Les Églises particulières ou rites
La sainte Église catholique qui est le Corps mystique du Christ, est composée des fidèles qui sont organiquement unis dans l’Esprit Saint par la même foi, les mêmes sacrements et le même gouvernement, et qui, en se fondant en diverses communautés dont la cohésion est assurée par la hiérarchie, constituent des Églises particulières ou rites. Entre ces Églises existe une admirable communion, de sorte que la diversité dans l’Église, loin de nuire à son unité, la met en valeur. C’est en effet le dessein de l’Église catholique de sauvegarder dans leur intégrité les traditions de chaque Église particulière ou rite. Elle veut également adapter son mode de vie aux besoins divers des temps et des lieux2.
Ces Églises particulières, aussi bien d’Orient que d’Occident, diffèrent pour une part les unes des autres par leurs rites, c’est-à-dire leur liturgie, leur discipline ecclésiastique et leur patrimoine spirituel, mais elles sont toutes confiées de la même façon au gouvernement pastoral du Pontife romain qui, de par la volonté divine, succède à saint Pierre dans la primauté sur l’Église universelle. Elles sont donc égales en dignité, de sorte qu’aucune d’entre elles ne l’emporte sur les autres en raison de son rite. Elles jouissent des mêmes droits et elles sont tenues aux mêmes obligations, également en ce qui concerne le devoir de prêcher l’Évangile dans le monde entier (cf. Mc xvi, 15) sous la conduite du Pontife romain.
Partout on pourvoira donc au maintien et au développement de toutes les Églises particulières, et en conséquence on instituera des paroisses et une hiérarchie propre, là où le bien spirituel des fidèles le requiert.
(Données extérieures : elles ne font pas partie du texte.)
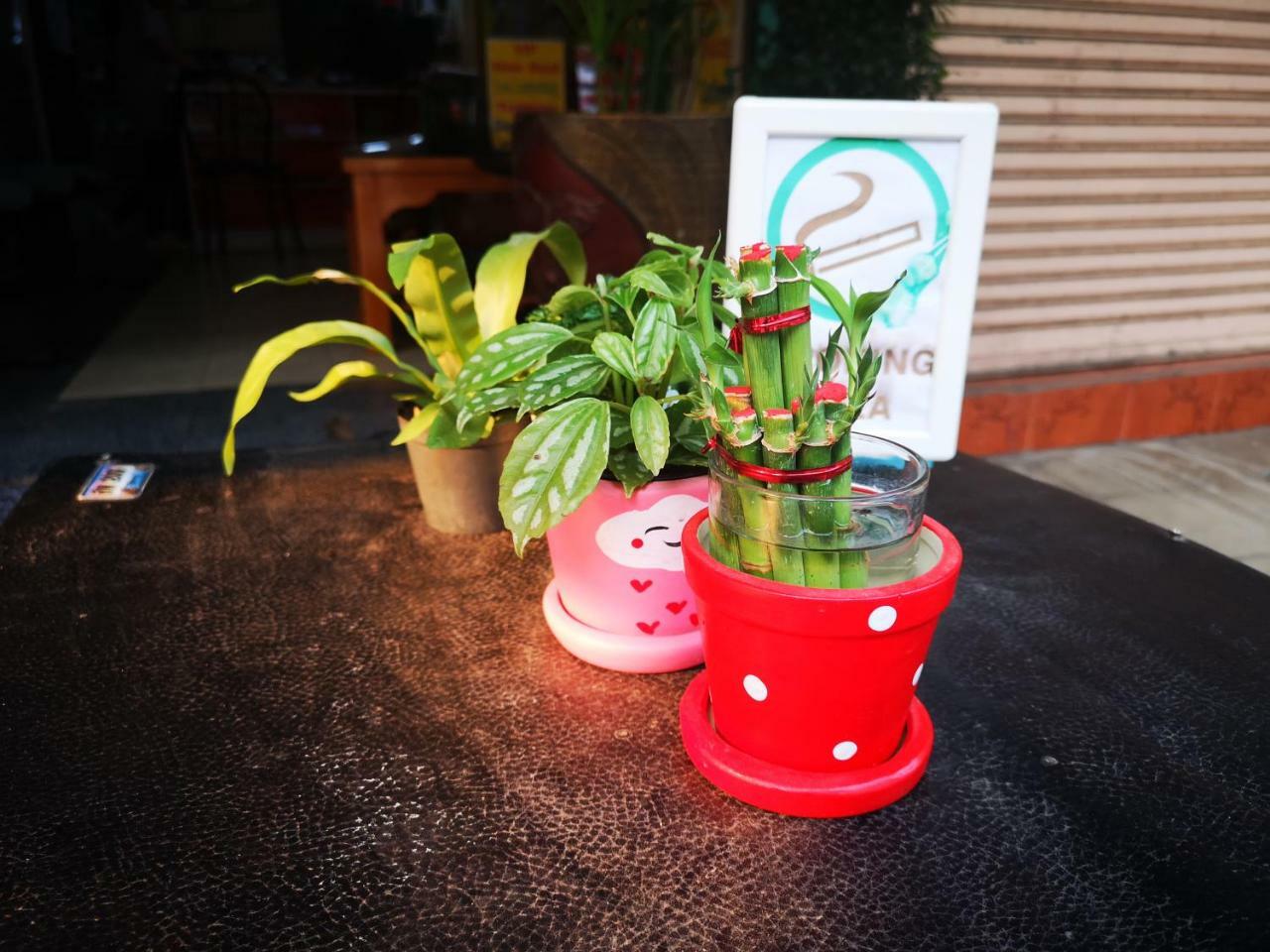 צ'יאנג ריי Sofia Hostel מראה חיצוני תמונה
Cependant les hiérarchies des différentes Églises particulières qui ont juridiction dans un même territoire prendront soin de se concerter dans des réunions périodiques pour promouvoir l’unité dans l’action et de réunir leurs forces pour soutenir les œuvres communes, afin de faire progresser plus aisément le bien de la religion et de protéger avec plus d’efficacité la discipline du clergé3. Tous les clercs et les candidats aux ordres sacrés seront bien instruits de ce qui concerne les rites, et notamment les règles pratiques dans des matières inter-rituelles. Dans l’enseignement catéchistique, les laïcs eux aussi recevront une instruction sur les rites et les règles à ce sujet. Enfin, tous et chacun des catholiques, ainsi que les baptisés de toute Église ou communauté non catholique qui viennent à la plénitude de la communion catholique, conserveront partout leur rite propre, le pratiqueront et l’observeront dans la mesure de leurs possibilités4, restant sauf le droit de recourir, dans des cas particuliers concernant les personnes, les communautés ou les régions, au Siège apostolique ; celui-ci, en sa qualité d’arbitre suprême des relations entre Églises, pourvoira aux besoins dans un esprit œcuménique, par lui-même ou par d’autres autorités, en donnant les règles, les décrets ou les rescrits qui seront opportuns.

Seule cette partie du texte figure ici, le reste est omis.